- Recorded information:
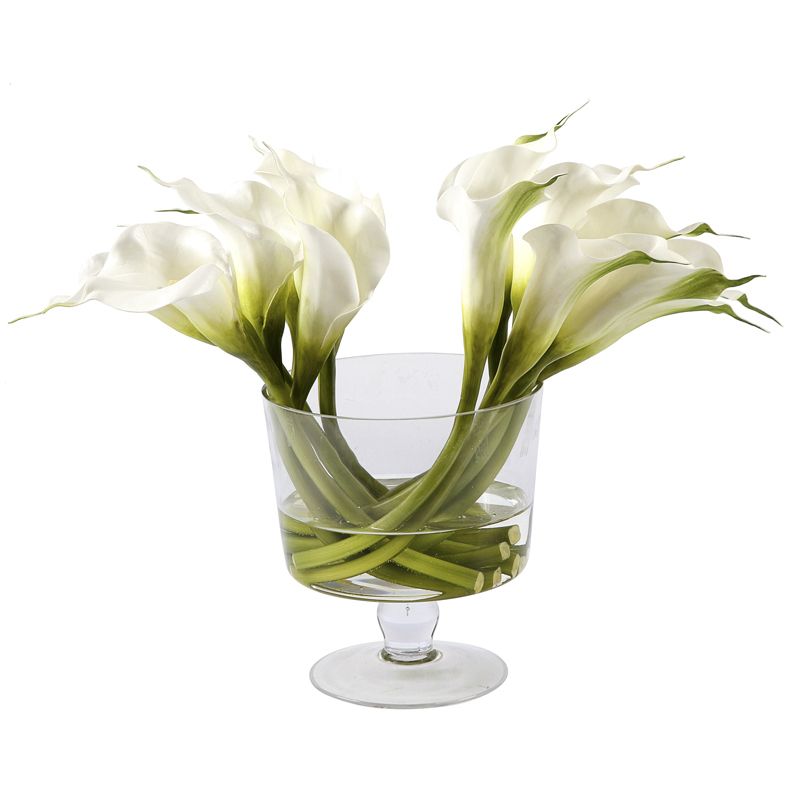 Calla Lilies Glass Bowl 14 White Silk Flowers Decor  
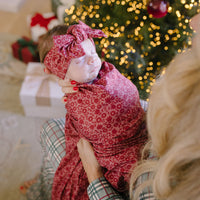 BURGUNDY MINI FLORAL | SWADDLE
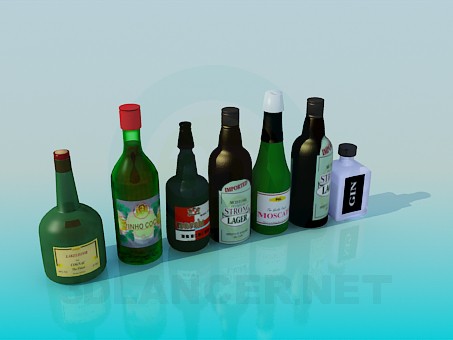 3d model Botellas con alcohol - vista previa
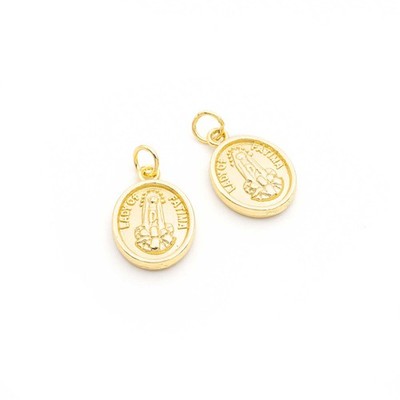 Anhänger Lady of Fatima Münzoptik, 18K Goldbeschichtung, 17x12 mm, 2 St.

* * *

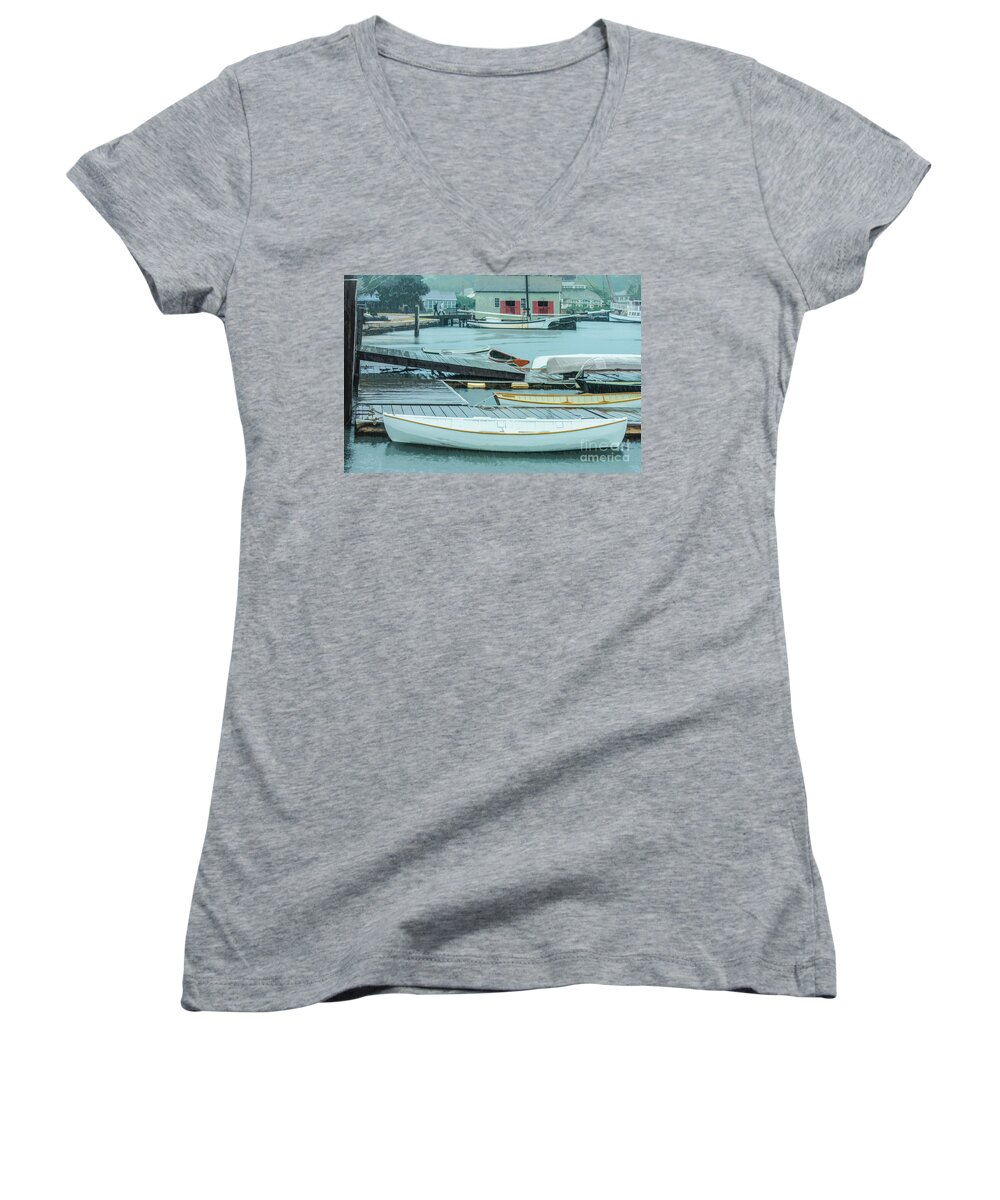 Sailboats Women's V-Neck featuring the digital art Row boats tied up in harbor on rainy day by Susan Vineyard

- Work to complete: Reproduce the records above exactly, but only from the line with "Calla Lilies Glass" up to and including the line with "Anhänger Lady of". Leave the pictures out.

- Answer box:
 Calla Lilies Glass Bowl 14 White Silk Flowers Decor  
 BURGUNDY MINI FLORAL | SWADDLE
 3d model Botellas con alcohol - vista previa
 Anhänger Lady of Fatima Münzoptik, 18K Goldbeschichtung, 17x12 mm, 2 St.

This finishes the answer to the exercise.